Plant functional trait measurements
We measured twelve plant traits that are related to plant resource economic strategies, following standardized protocols (Pérez-Harguindeguy et al., 2016). The four leaf traits were measured on the third or fourth leaf, as these leaves are the greatest biomass in the leaf cohorts. We measured leaf area (LA, cm2) using a Li-3100 (Li-COR, Lincoln, NE, USA). We measured saturated water content after the leaves were immersed in deionized water for 24 hours. Leaf dry mass was obtained by oven-drying each leaf at 65 °C for 48 hours and then weighing it. The specific leaf area (SLA, cm2 g-1) was calculated as leaf area divided by its dry biomass. The leaf dry matter content (LDMC, mg g-1) was water-saturated fresh biomass per unit of dry mass. We measured leaf N (N, mg g-1) and P (P, mg g-1) concentrations with a Kjeltec 2300 Analyzer Unit (Foss, Sweden) and the molybdenum blue colorimetric method followed by colorimetric analysis (Murphy & Riley, 1962).
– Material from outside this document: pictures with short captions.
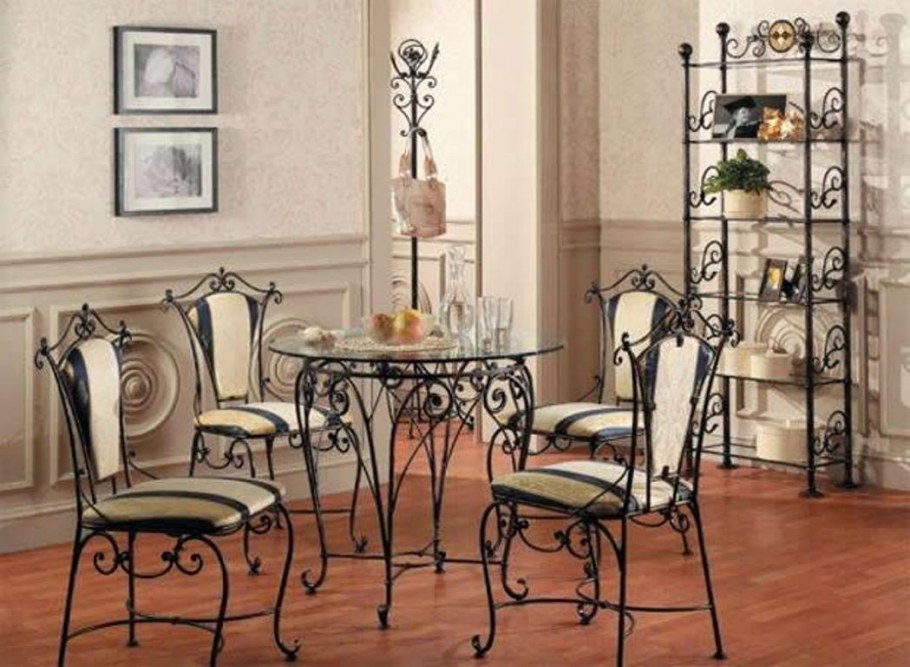Кованые изделия в интерьере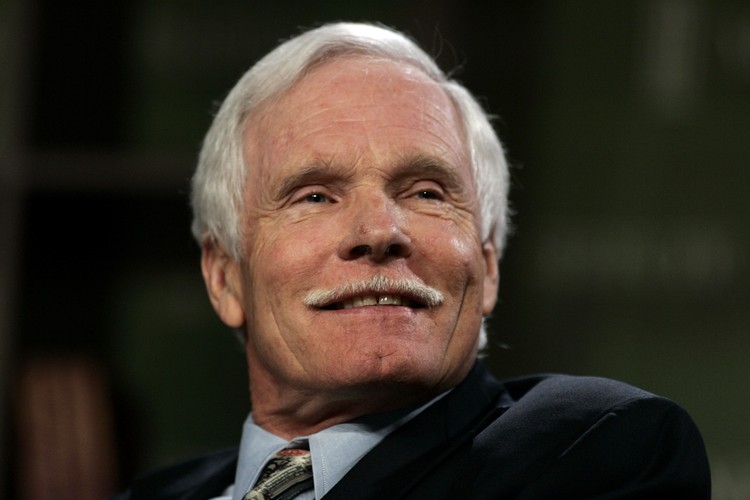 <b>13. Ted Turner - przekazał na cele charytatywne 1,5 mld dolarów</b><br>
Medialny magnat w 1998 roku obiecał dać miliard dolarów na cele realizowane przez ONZ. Do tej pory z tej kwoty przekazał już 916 mln dolarów.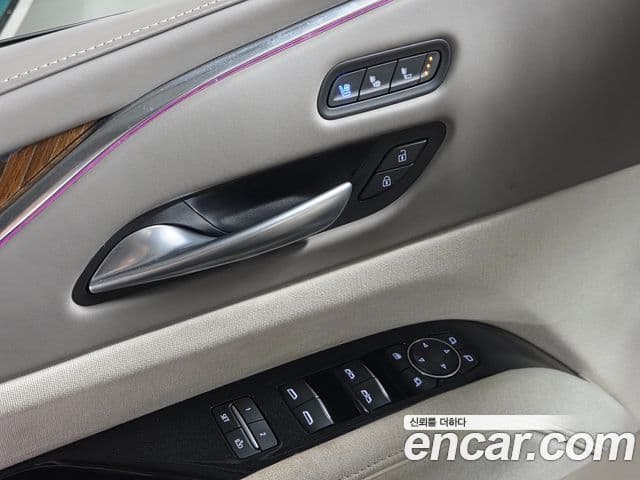 Cadillac Escalade 2023 — Şəkil 10/20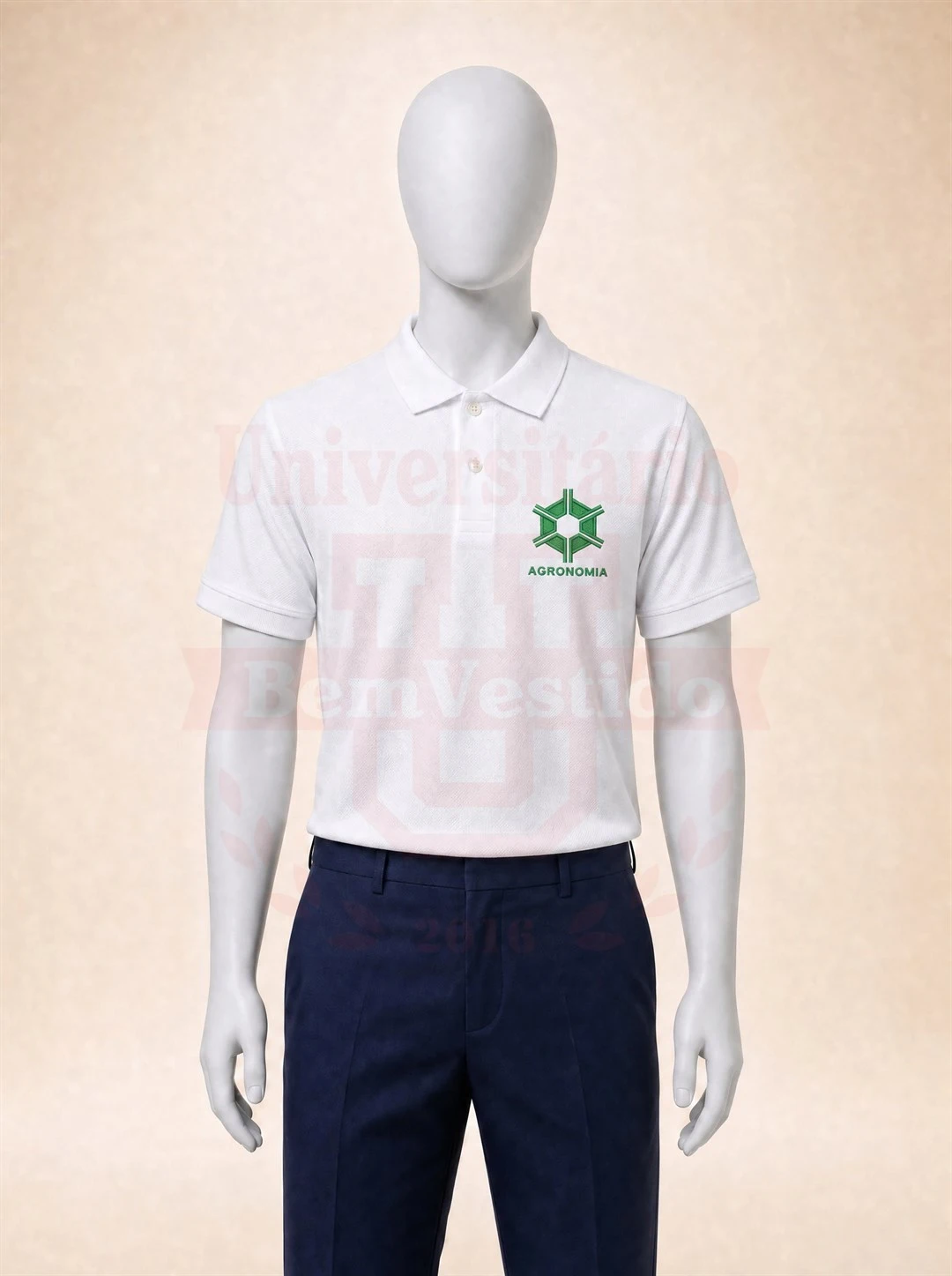 Polo branca de Agronomia com bordado hexagonal de colheita no peito, em manequim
To determine the eight root chemical and morphological traits, we selected the first two root orders, which are typical absorptive segments among fine roots (Guo et al., 2008). The roots were scanned at a resolution of 300 dpi using the Epson Perfection V750 Pro (Seiko Epson Corp.). Then, the roots were oven-dried at 65 °C for 48 hours and weighted after scanning. The scanned images were analyzed using the software WinRHIZO Pro 2019 (Regent Instruments Inc.) to measure root length, average root diameter, root volume and root surface area for each root sample. Specific root length (SRL, cm g-1) was calculated as total root length divided by root dry mass. Root tissue density (RTD, g m-3) was calculated as root dry mass divided by root volume. Specific root area (SRA, cm2 g-1) was calculated as root surface area divided by root dry mass. Root carbon (RC, mg g-1) and nitrogen (RN, mg g-1) were determined by the element analyzer (vario MACRO cube, Elementar, Germany). Root alkaline phosphatase activity (alkaline phosphatase activity, ug PNP g-1 soil h-1) was measured using S-AKP protocol kits (Beijing Solarbio Science & Technology Co., Ltd., Beijing, China) (Li et al., 2023). Root mycorrhizal colonization (RMC, %) and soil inorganic N concentration (mg g-1) and available P concentration (mg g-1) were measured using standardized protocols (Details in the Supplementary Material).
Calculations
The nutrient resorption efficiency (NuRE), defined as the proportion of nutrient resorbed from the green (mature) leaves by the plant during the senesced season, was calculated as Lü et al. (2013).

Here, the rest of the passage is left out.